Text is an artform in and of itself. Decoding, flipping and dissecting words and meanings has long fascinated me. The simplicity of some of these works speak to my love of books and a nostalgia for something I can’t quite put to words. I often think of my works as chapters in a book – not made in chronological order but revisiting different parts of a narrative without a clear beginning or end, yet each page, each work is interconnected through an intricate web of dreamscapes.

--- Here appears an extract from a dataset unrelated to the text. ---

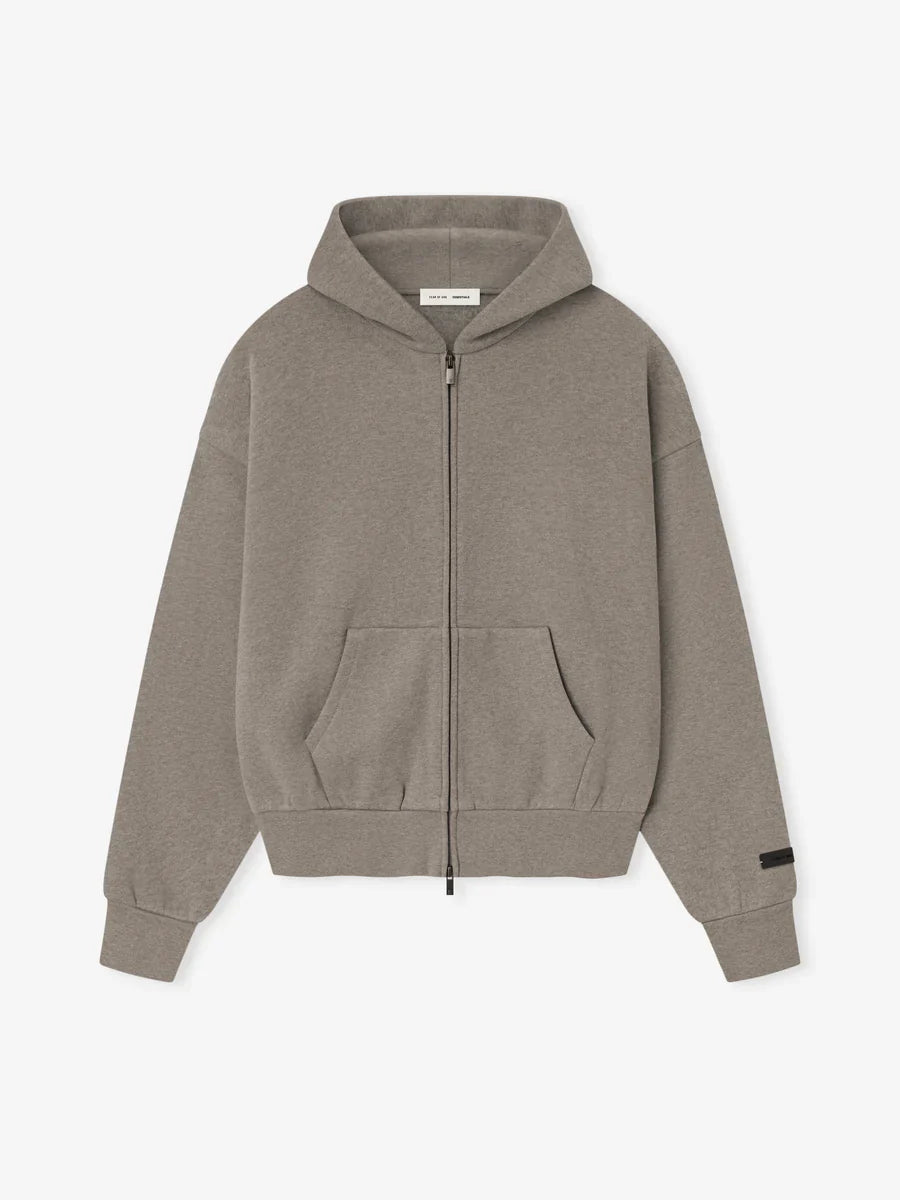 Classic Fit Fleece Zip-Up Hoodie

The title, Dream Letter, was inspired by the album and song by Tim Buckley with the same name. The song itself is not the inspiration, but the notion of writing a song, a painting or a letter to someone who may never receive it was the fixation of these works. For Tim, it was writing to his son Jeff Buckley, who he tragically never really made an effort to be a father to. Both their lives have always fascinated me – Tim, a bad father with an amazing vocal range, Jeff his son with equally amazing vocal skills – both not wanting anything to do with the other and yet their lives mirrored each other’s in a deeply compelling way. Both had so much talent and yet crumbled under the weight of it all. I sometimes wonder what it would have been like to meet either of them. I wonder about the music they might have made if their fate had been to live on. Some of these imagined conversations play a part in my new works.
As a teenager I would write letters to an unknown person or thing. Within these letters I would muse on the meaning of life and I would recall fascinating observations in nature. I would speak of a love for beauty, for complexity of thought and existential debate. Within each letter contained my love for words themselves – the origin and formation of words were just as curious to me as how language could be structured to make a story, a poem or even a painting. Some of these letters would morph into an idiosyncratic code, indecipherable and yet, made complete sense to me. I would see the world through this lens of enchantment and it is something that I still do to this day.
If the nightingale could speak, what would it say?
If a stone could sing, what would it sound like?
If a stone could dream, of what would it’s mind be filled?